Note: [Sudachi](https://github.com/WorksApplications/Sudachi) dictionaries and plugins support are under development.

### Performance

Kotori is heavily inspired by [Kuromoji](https://github.com/atilika/kuromoji) and [Sudachi](https://github.com/WorksApplications/Sudachi), 

but its tokenization is even faster than other JVM-based tokenizers (based-on our *probably unfair* benchmark).

The following is statistic from tokenizing Japanese sentences from [Tatoeba](https://tatoeba.org/eng/) 

(193,898 sentences entries, 3,561,854 total characters) on Macbook Pro 2020 (2.4 GHz 8-Core Intel Core i9).
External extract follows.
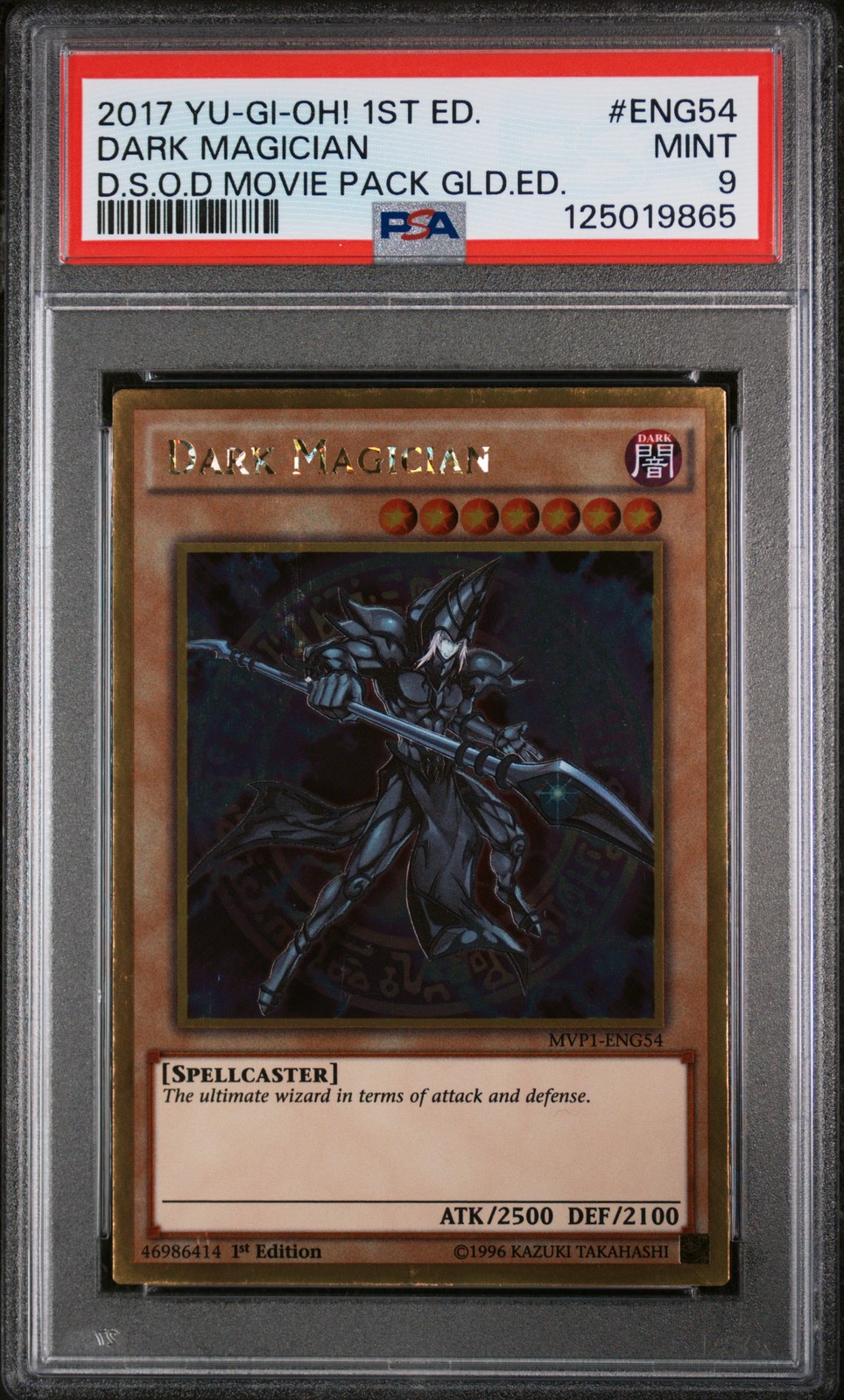 2017 1ST ED #ENG54 DARK MAGICIAN PSA 9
|   |  Token Count  | Time (ns per document) |  Time (ns per token)  |

|---|---:|---:|---:|

|Kuromoji (IPADIC) | 2,264,560 | 10,095 | 864 |

|**Kotori (IPADIC)**   | 2,264,705 | **8,190**| **701** |

|Sudachi (sudachi-dictionary-20200330-small)  | 2,308,873 | 27,352 | 2296 |

|Kotori (sudachi-dictionary-20200330-small)   | 2,157,820 | 13,079 | 1175 |

#### (Speculative) What makes Kotori fast

* **Minimal String.substring() usage**. [After JDK 7](https://www.programcreek.com/2013/09/the-substring-method-in-jdk-6-and-jdk-7/), 

the function makes string copy and has O(n) overhead. Some tokenizers that design before the change (e.g. Kuromoji) still have a lot of substrings.

* **A customized Trie data structure**. 

`TransitionArrayTrie` can be quickly built just-in-time when creating a tokenizer,

but it has pretty good performance on Japanese in UTF-16.

#### (Speculative) What makes Kotori slow

* **Kotori doesn't rely on any pre-built data structure** (e.g. `DoubleArrayTrie`). 

It reads a dictionary as list-of-terms format and builds Trie just-in-time.

This is a design decision to make Kotori open to multiple dictionary formats in exchange for some bootup time.

* Kotlin (written by the inexperience library author) is slower than Java, 

mostly, because Kotlin's `Array` has some overhead comparing to Java's native `T[]`.

#### Benchmark

Benchmark can be run as a gradle task.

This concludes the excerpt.